Mozambique clashes send thousands fleeing to Malawi, and Angolan rebels say to resume armed struggle

Africa’s second-biggest crude producer pumps most of its 1.75 million barrels a day from off the coast of Cabinda

MORE than 6,000 Mozambicans have fled to neighbouring Malawi since mid-December to escape clashes between government forces and armed militants of the main opposition party Renamo, according to the United Nations Refugee Agency.

Most of the refugees are coming from the western coal-mining province of Tete, where government forces are battling armed militia of the Mozambique National Resistance, or Renamo, Tina Ghelli, UNHCR’s spokeswoman for southern Africa, said by phone on Friday from Pretoria, the South African capital.

“The number of people fleeing Mozambique has been increasing because of the clashes between Renamo and government forces,” Ghelli said. “The asylum seekers told us this.”
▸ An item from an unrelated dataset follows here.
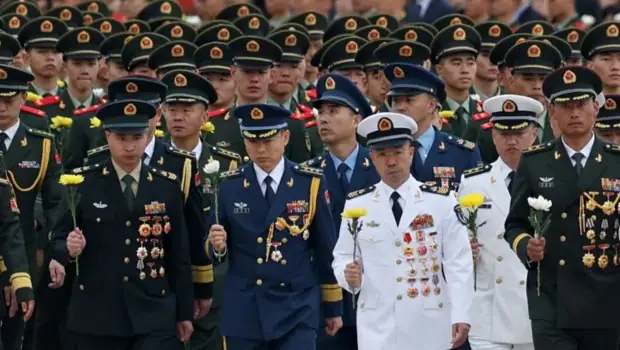 Mơ Thấy Mình Mặc Quần Áo Bộ Đội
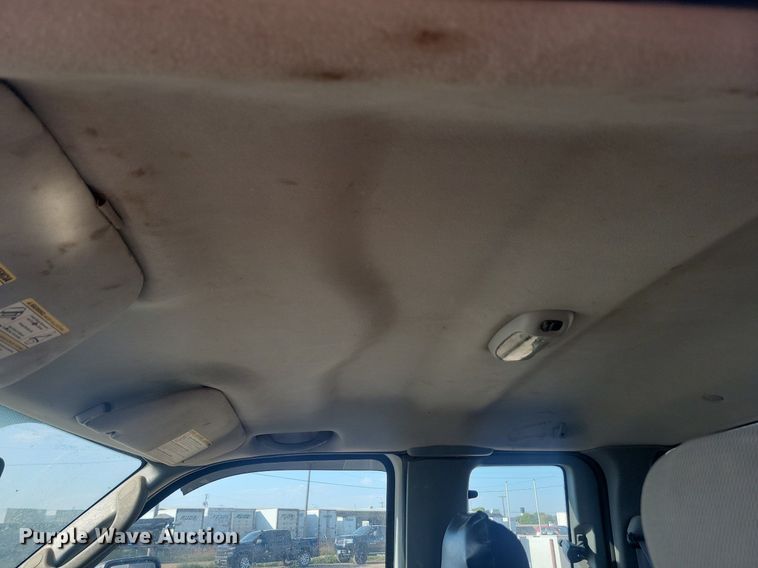 image for item JW9591 2006 Ford F350 Super Duty XLT  SuperCab flatbed pickup truck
Almost all of the new arrivals are staying at Kapise village, about 100 kilometers (62 miles) south of Malawi’s capital, Lilongwe, UNHCR said in a statement on Thursday.

Mozambican government officials have visited Kapise at least three times since mid-January to discuss the possibility of returning the asylum seekers to Mozambique, according to the statement.

Renamo and the ruling Front for the Liberation of Mozambique, or Frelimo, fought a 16-year civil war that ended in 1992. Frelimo won the country’s first democratic elections two years later. The party has ruled the southeast African nation of 26 million people since the country’s 1975 independence from Portugal.

Cabinda wants independence

Meanwhile, in the second Lusophone country in southern Africa, rebels in Angola’s oil-rich Cabinda region said they’re resuming an armed campaign to gain independence for the enclave after the government failed to respond to its request for talks.

The Front for the Liberation of the Enclave of Cabinda, which has waged a low-level insurgency for autonomy for more than three decades, will adopt the “military way” until President Jose Eduardo Dos Santos’ administration agrees to “serious and concrete” dialogue, according to a statement published by Portuguese news agency Lusa.

Angola, Africa’s second-biggest crude producer, pumps most of its 1.75 million barrels a day from off the coast of Cabinda, which is separated from the country by a sliver of the Democratic Republic of Congo.

The Front for the Liberation of the Enclave of Cabinda came to prominence in January 2010, when it claimed responsibility for killing two members of the visiting Togolese soccer team during a tournament.

The Angolan government in July 2010 agreed to talks with the rebels after the separatists agreed to end their armed struggle.

Calls to the headquarters of the Angolan Armed Forces weren’t answered when Bloomberg sought comment on Friday.